##### Records provided #####
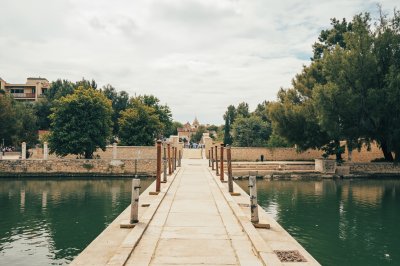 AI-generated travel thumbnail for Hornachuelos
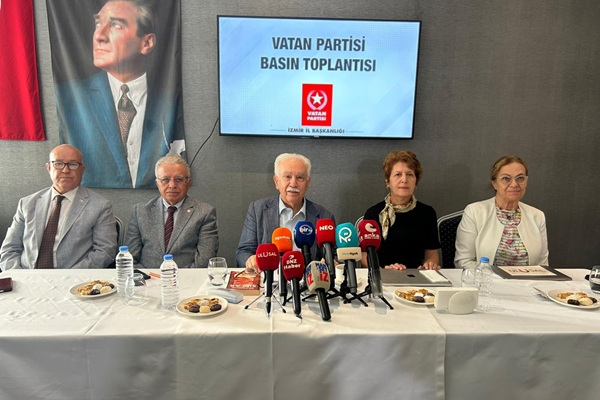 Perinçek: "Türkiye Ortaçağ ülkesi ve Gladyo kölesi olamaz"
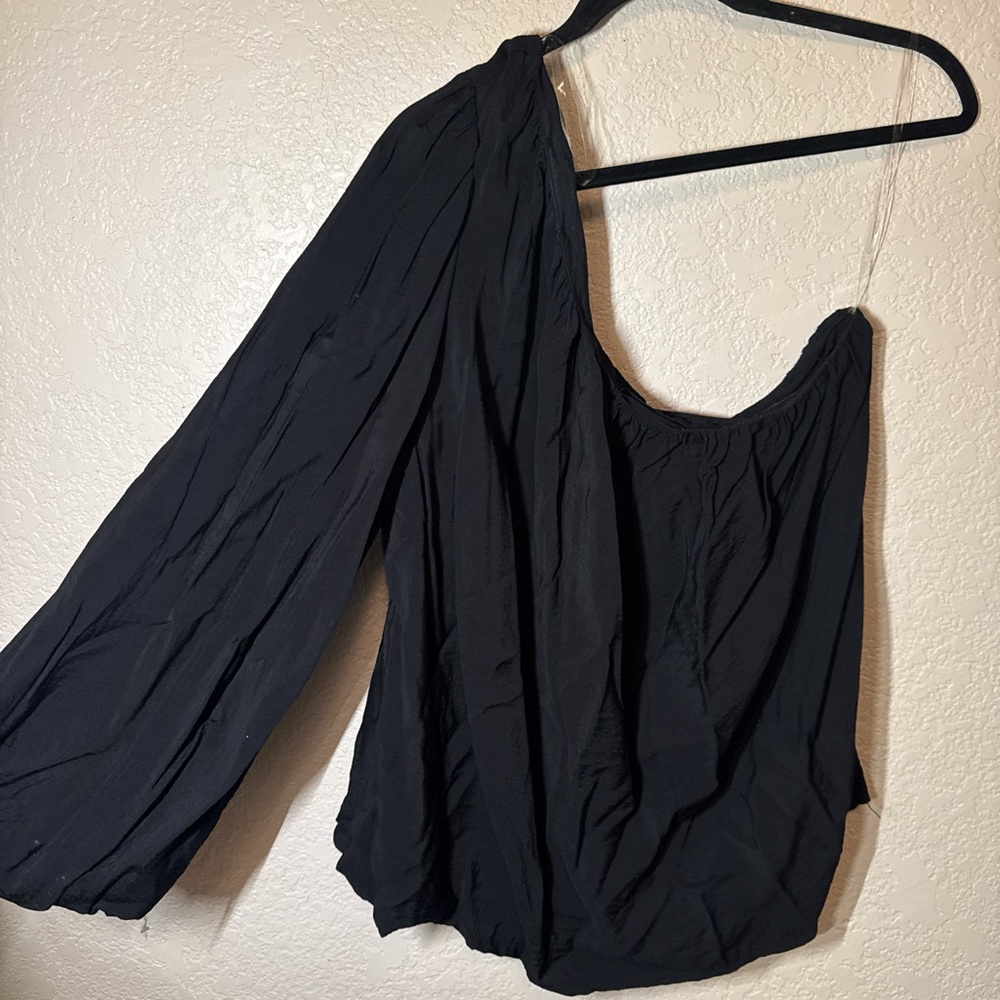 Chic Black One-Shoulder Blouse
#####
##### Records provided #####
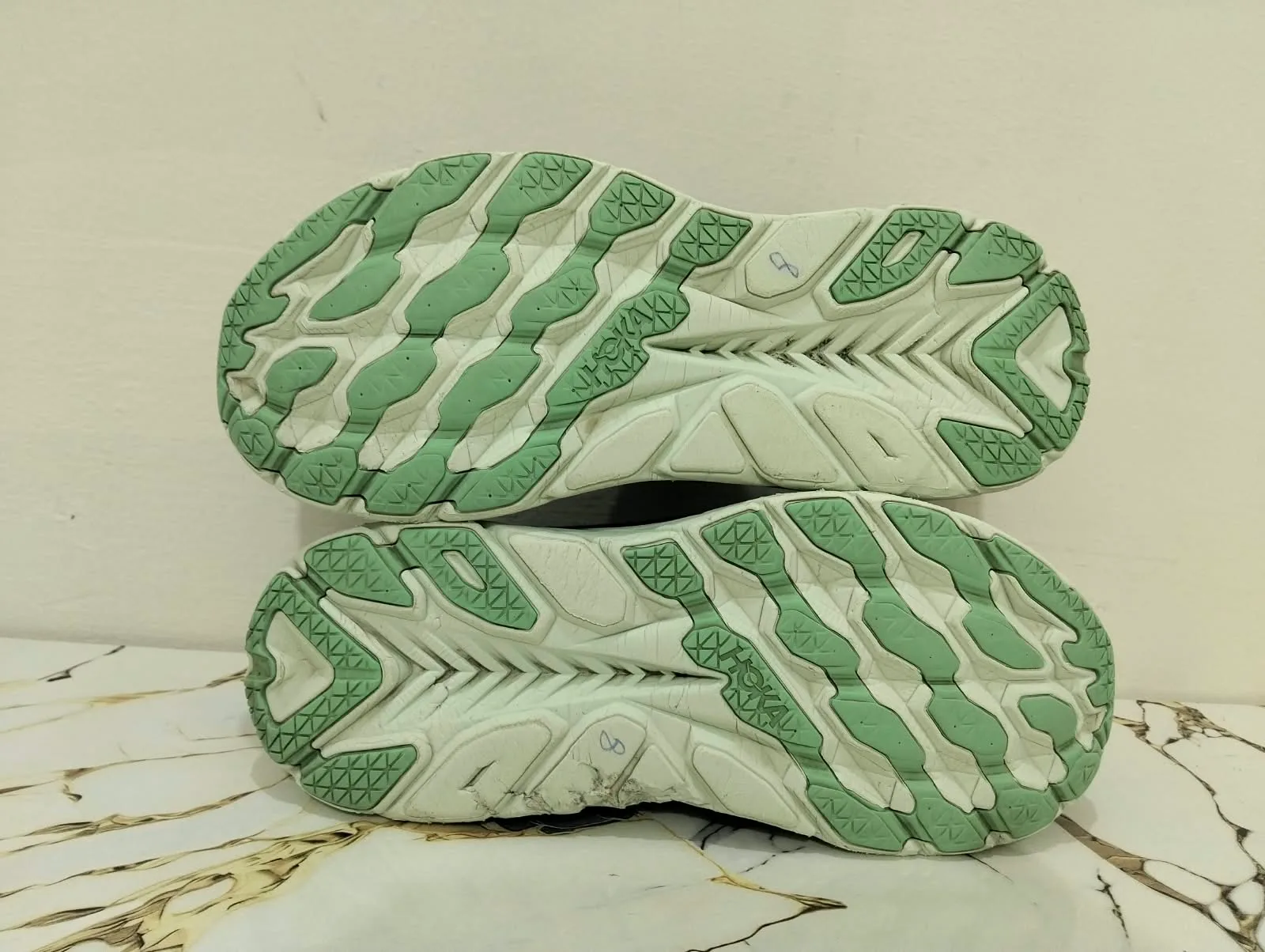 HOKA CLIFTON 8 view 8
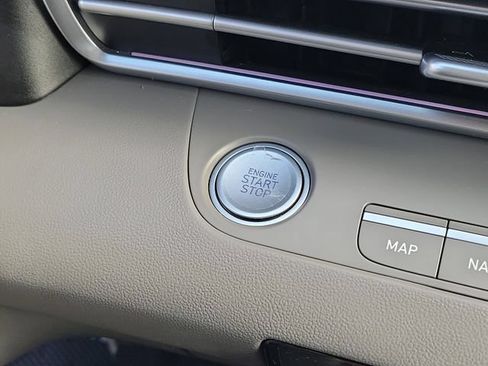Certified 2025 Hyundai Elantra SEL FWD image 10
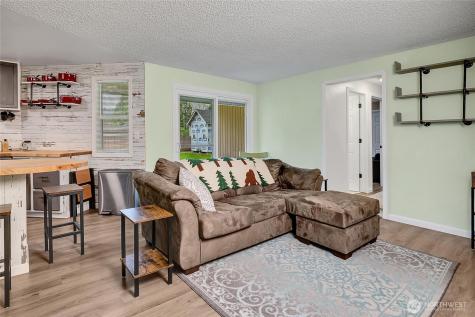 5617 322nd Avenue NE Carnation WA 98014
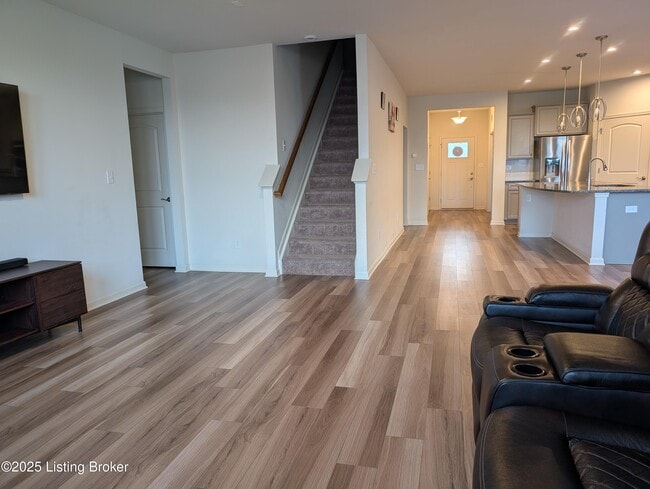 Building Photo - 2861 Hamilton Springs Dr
#####
Problem:
Of the lines above, quote exactly those from the one with "5617 322nd Avenue NE Carnation WA 98014" through the one with "Building Photo - 2861 Hamilton Springs Dr", ends included; pictures stay out.

Task solution:
 5617 322nd Avenue NE Carnation WA 98014
 Building Photo - 2861 Hamilton Springs Dr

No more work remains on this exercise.